----- STUDY MATERIAL
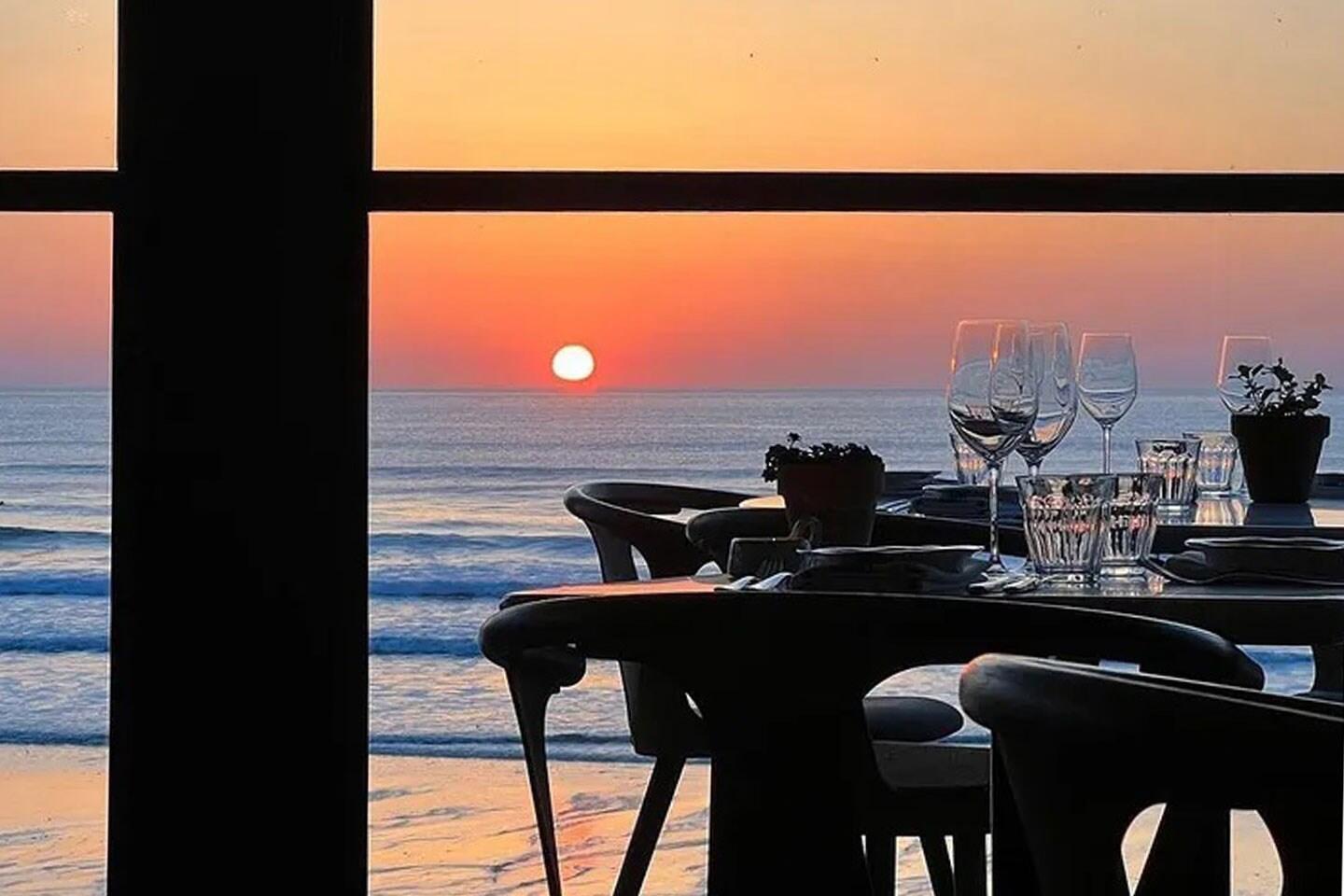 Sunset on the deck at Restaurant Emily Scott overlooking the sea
----------
----- STUDY MATERIAL
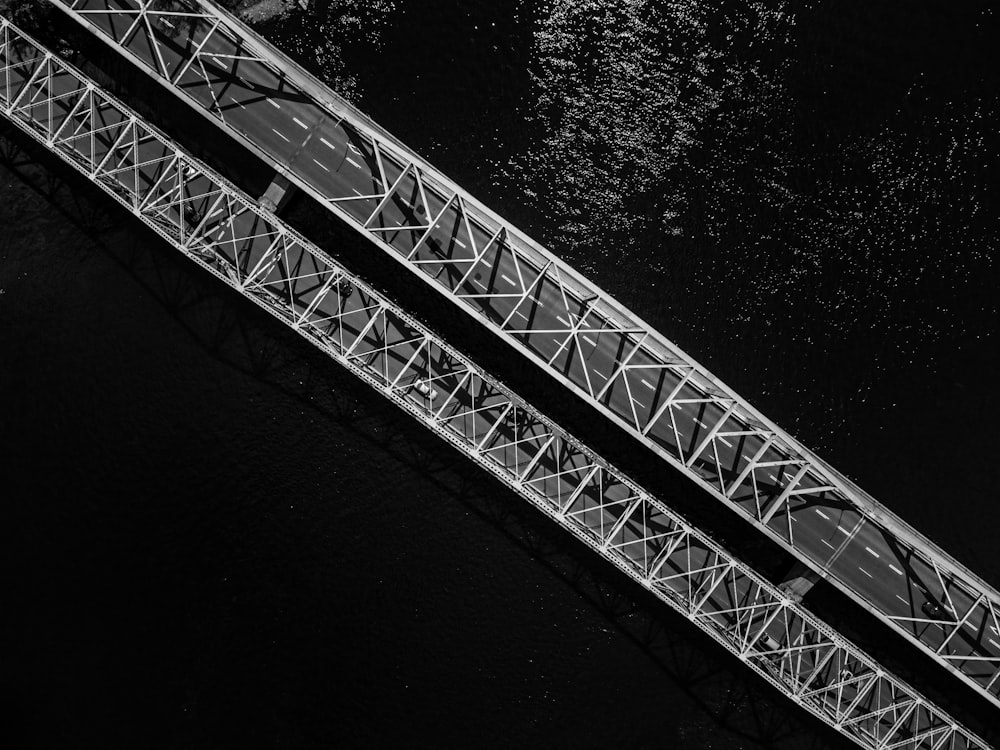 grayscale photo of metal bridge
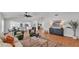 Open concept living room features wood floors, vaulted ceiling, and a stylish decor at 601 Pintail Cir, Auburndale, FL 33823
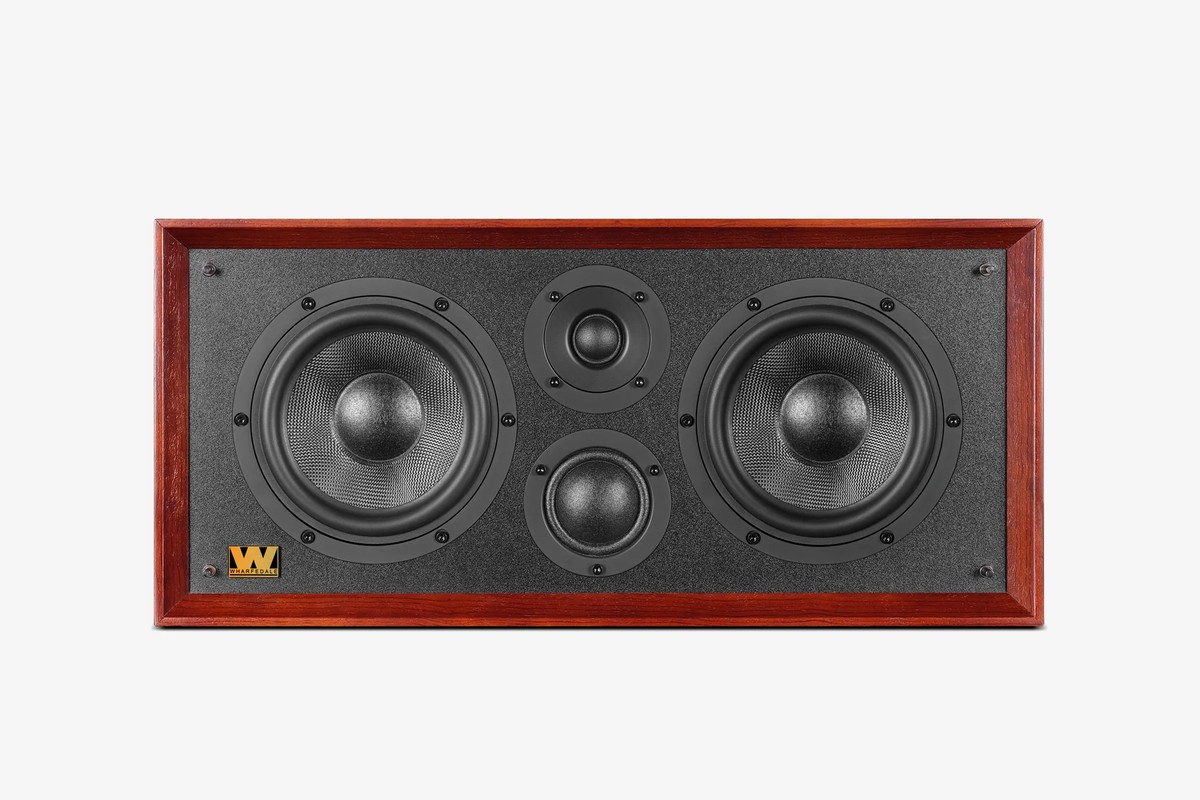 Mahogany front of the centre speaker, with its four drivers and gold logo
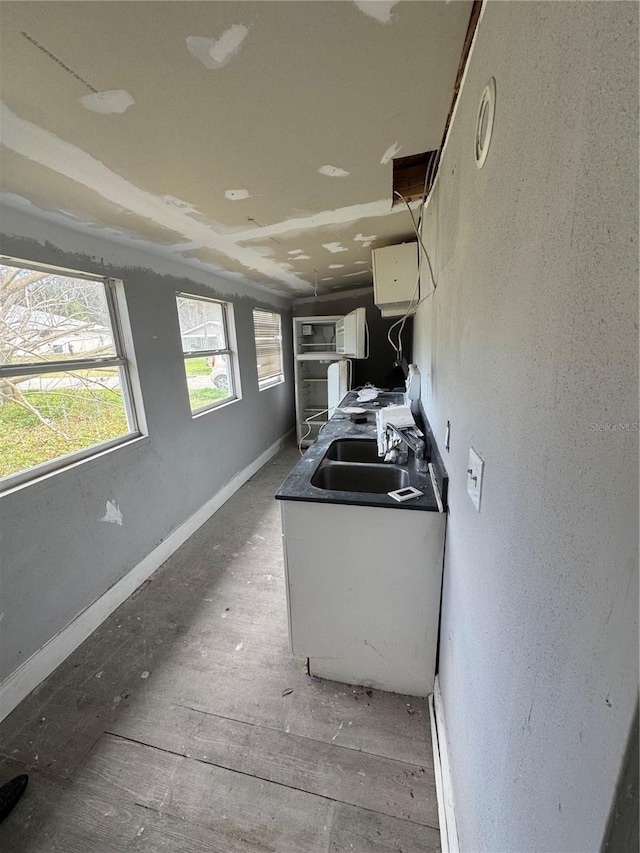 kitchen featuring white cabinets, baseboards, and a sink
----------
----- STUDY MATERIAL
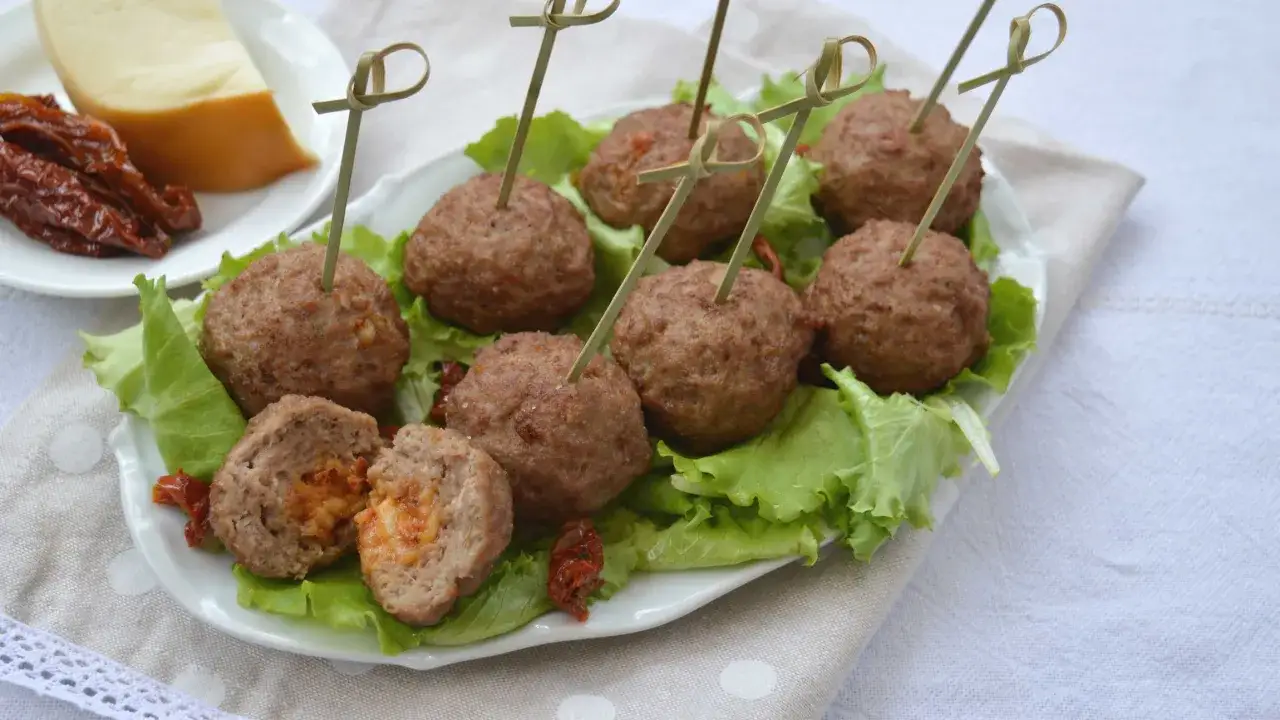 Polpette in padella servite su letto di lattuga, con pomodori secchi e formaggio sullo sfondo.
----------
[EXERCISE AIM]
Starting at the line above that holds "Open concept living", repeat every line exactly down to and including the line that holds "kitchen featuring white", then stop. Do not carry over any pictures.

[SOLUTION]
 Open concept living room features wood floors, vaulted ceiling, and a stylish decor at 601 Pintail Cir, Auburndale, FL 33823
 Mahogany front of the centre speaker, with its four drivers and gold logo
 kitchen featuring white cabinets, baseboards, and a sink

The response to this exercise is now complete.